The last ship known to have smuggled slaves from Africa to the US is said to have been discovered after a year-long investigation.
The remains of the Clotilda were found at the bottom of the Mobile river in Alabama.
The ship was used to smuggle men, women and children into America from Africa.
It operated in secret, decades after Congress banned the importation of slaves, and was intentionally sunk in 1860 to hide evidence of its use.
"The discovery of the Clotilda is an extraordinary archaeological find," Lisa Demetropoulos Jones, executive director of the Alabama Historical Commission (AHC), told the Associated Press (AP) news agency.

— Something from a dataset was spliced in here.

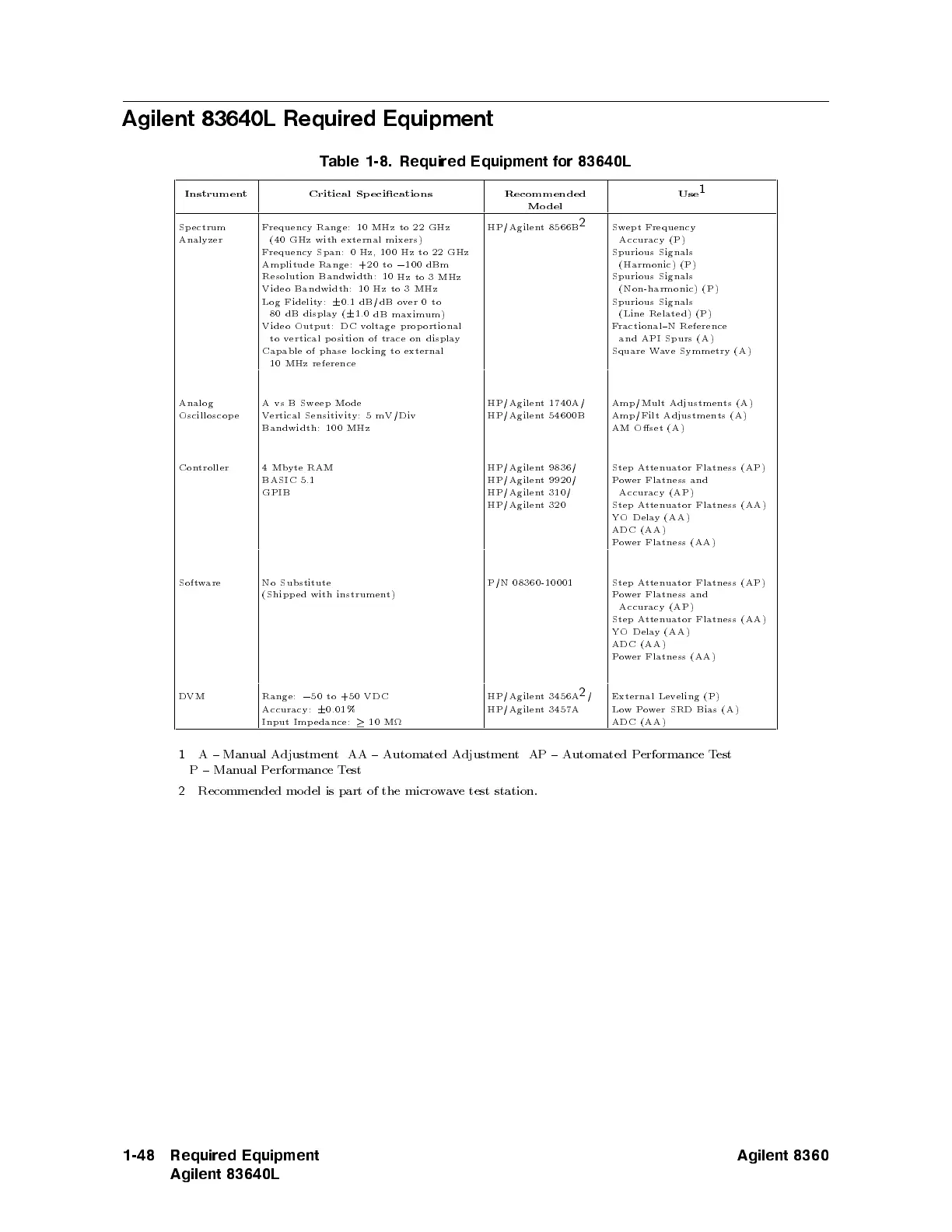 Page #78 background image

The ship's journey "represented one of the darkest eras of modern history" and the wreck provides "tangible evidence of slavery", she said.
The Clotilda was discovered by archaeology firm company Search Inc, which was called in to help by the Alabama Historical Commission to investigate the hulk, says the National Geographic Society, which reported the find.

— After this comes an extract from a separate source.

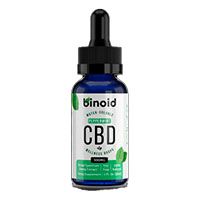 Water-soluble CBD Drops - Peppermint.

Researchers discovered a ship with its identifying features under water in a section of the Mobile river, says National Geographic.
The dimensions and construction of the wreck matched those of the Clotilda, as did building materials, the commission said.
"We are cautious about placing names on shipwrecks that no longer bear a name or something like a bell with the ship's name on it," maritime archaeologist James Delgado said in a statement. "But the physical and forensic evidence powerfully suggests that this is Clotilda.
The US banned the importation of slaves in 1808, but the slave trade carried on beyond this date as there was still demand for workers from southern plantation owners.
A wealthy landowner and shipbuilder from Mobile is said to have made a bet with northern businessmen that he could smuggle a cargo of African slaves into Mobile Bay under the nose of federal officials, National Geographic says.
The Clotilda carried 110 men, women and children from Benin to Alabama in 1860, according to historians.
Marine archaeologists recovered nails, spikes, and bolts used to secure the ship's beams and planking. Made of hand-forged iron, such fasteners were common in schooners built in Mobile in the mid-19th century.PHOTOGRAPH BY MARK THIESSEN, NATIONAL GEOGRAPHIC
"It's the best documented story of a slave voyage in the western hemisphere," historian Sylviane Anna Diouf - who relied on testimony from the slave traders and their captives, some of whom lived in the 20th Century - told National Geographic.Some descendants of those carried on the ship still live nearby in an area that came to be known as Africatown. They have welcomed the discovery.
"I think about the people who came before us who laboured and fought and worked so hard," Joycelyn Davis, a sixth-generation granddaughter of one of the slaves, told AP. "I'm sure people had given up on finding it. It's a wow factor."